I do think that there is so much hype about what a man is, does and how he behaves that it is overwhelming for them. 
And then I go back to the thought of they were once all little boys.  Who were hopefully loved and guided to be strong, wonderful men.  Not so with my ex.  While he was given many material things, he was not given direction emotionally on how to be a better person, let along a man.  As it is, his sons don’t consider him in their top five.   Or return his calls or seek him out.  So the kind of man he is, is not the kind of man they will be. 
I feel sad for him that he doesn’t realize how he has lost the opportunity to be a part of their lives in a strong positive way.  He was too busy fighting his own shit to realize there was an opportunity for him to rise up and just be there for them.  Putting his own shit aside.  So I see the man he is now.  Hw has to have a woman by his side, but doesn’t know how to treat her…so the women leave after so many years.  It doesn’t matter how much I pray for him to learn, he is stuck on his wheel and the growth hasn’t happened, yet.   However, he did write me a note saying that he was sorry for the way he had treated me and saw that our sons were good humans because of me.
That was huge, this many years later.  Something to be said for that.  I liked him.  I thought to grow and love him and build a life together.  Both people have to want that goal.
So on the topic of men.  What is our karmic relationship with the one we chose?
At some point if there is a lesson we learn it, move on and have a life filled with purpose and joy.  But then, also sometimes we/I get stuck on the energy of a specific man.  There is something about him that just sticks with and to me.  I don’t want anyone else…for a long time.  The energy and connection are deep.  I carry them inside me…through other situations.  That happened to me from a guy in college.  I know we had a connection.
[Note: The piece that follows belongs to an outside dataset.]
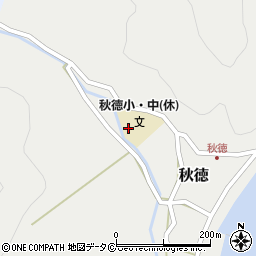 瀬戸内町立秋徳小学校周辺の地図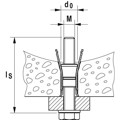 Produktbild von fischer - Hohldeckenanker FHY, Edelstahl R M 6 R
And we kept weaving in and out of each others life for many, many years, until finally we had nothing to move forward with.  By then I had children, and for some reason, I didn’t want him in their life.  Although before that I would of tried to integrate us into a family.  There was a moment in time where that could of happened.  I had so much love for him or so I thought.
Wouldn’t it be great if we had a magic ball and could look and see who was going to cross our path and be the “IT” man.  And know that we would be in for a rollercoaster ride in life with this man in either a exhilarating happy way or a shit storm way.